Early in the V-Max series, we didn't pay close enough attention to this
rule, and this brought on reliability problems.   But, by following
Commodore's own internal rules, we were guaranteed to be as reliable on a
drive as non-protected disks.

The second rule was, that no possible combination of GCR bits could
accidentally generate a string of 12 "on" bits in a row, or we would end up
with an unintended sync byte, which would destroy the framing we had
established earlier.   This set of rules gave us just enough possible
combinations that it proved possible to encode every 6 bit entry with a
proper 8 bit value ( or maybe 3 with 4, as I mentioned earlier, a
disassembly of the loader should make it clear which we used).

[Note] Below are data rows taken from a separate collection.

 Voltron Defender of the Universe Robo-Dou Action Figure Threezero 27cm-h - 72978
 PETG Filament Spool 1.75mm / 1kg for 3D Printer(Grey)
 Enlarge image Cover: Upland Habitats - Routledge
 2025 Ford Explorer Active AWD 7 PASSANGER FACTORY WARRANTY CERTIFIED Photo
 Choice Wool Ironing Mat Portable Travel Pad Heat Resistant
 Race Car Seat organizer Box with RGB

With this scheme, it was also (barely) possible to convert each GCR value
read back into it's proper binary form in real time.  This involved bit
shifting and table lookups, then maybe more shifting and xoring (combining)
of the results.  A single byte took, I think, 32 CPU clocks to read in.
Therefore, on average, you had to be done with all your shifting and moving
of data 32 cycles after your first read in the value.  You had some
tolerance for error, however.

With Commodore, all they did was store the GCR value in a buffer to work on
later, then went back in a loop, waiting for the bit to be set that
indicated the next byte was ready.

What I did, was calculate how many cycles each operation took, so that I was
ready to read each subsequent byte about the middle of the time it was
present in the IO port.  I.E, if it took 32 cycles to read in a byte, the
second byte would become available 32 cycles after first byte had been read,
and that second byte would remain available to be read for another 32
clocks, before it would be replaced by the next, and so on.

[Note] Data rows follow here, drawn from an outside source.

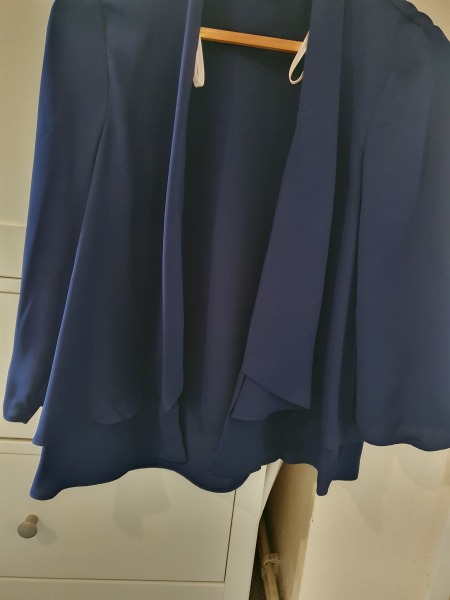 A jacket like this is black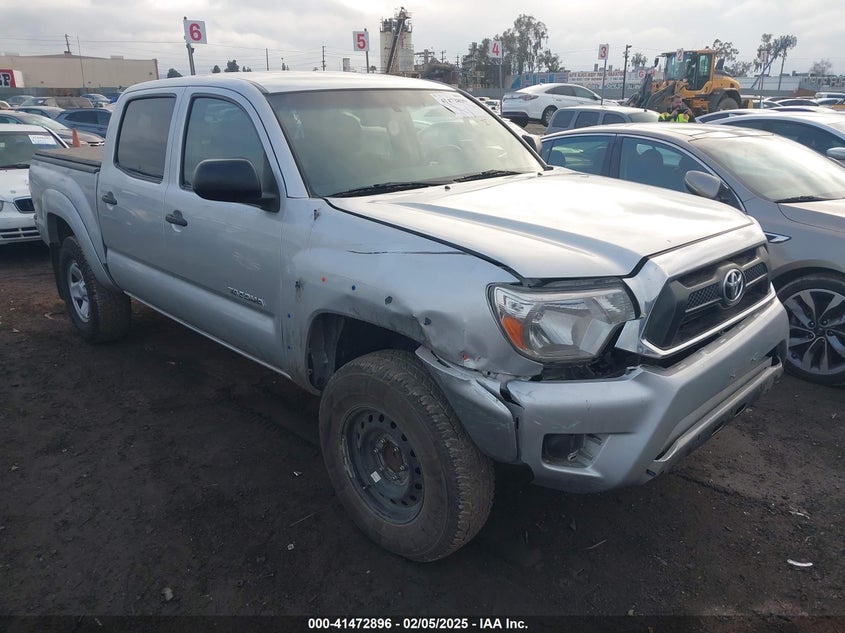 2013 TOYOTA TACOMA VIN: 5TFJX4GN5DX026549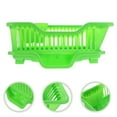 thumbnail image 3 of POINTERTECK 1 Set Household Dish Draining Rack Kitchen Dish Basket Dish Drying Rack, 3 of 6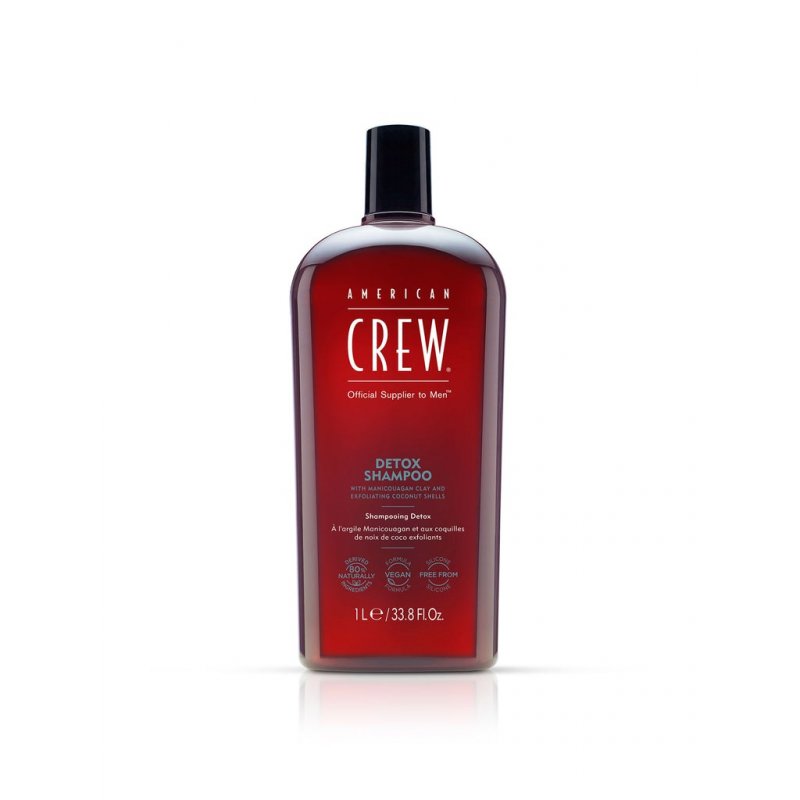 American Crew Detox Shampoo 1000 ml Men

Now, to that, I added a tolerance for drives that were running faster or
slower than Commodore's spec.  And to that, I added a further allowance for
wow and flutter.  This, then, gave me my timing windows, for when I could
safely and reliably read sequential bytes from the disk, without wasting
cycles (which I didn't have) sitting in a loop waiting for a "byte ready"
signal.  If I was in danger of running too fast, I might have added a
conditional branch to a follow-on instruction, after the "bit" test, to
conditionally slow things down a tad.  But pretty much all of the cycles
were put to use, sometimes I would have to break off what I was doing and
store a value temporarily, so that I could read the next byte.  It was a lot
like juggling, and I re-wrote the routines multiple times, moving operations
earlier or later, till I was satisfied. As a result, we could read in 4 GCR
bytes, convert them to binary, and store them in a buffer, then go back to
the top of the loop and wait for the byte ready signal, then do it all over
again.   This took several weeks to perfect, though we got the original
(flakey) version running up in a couple of days.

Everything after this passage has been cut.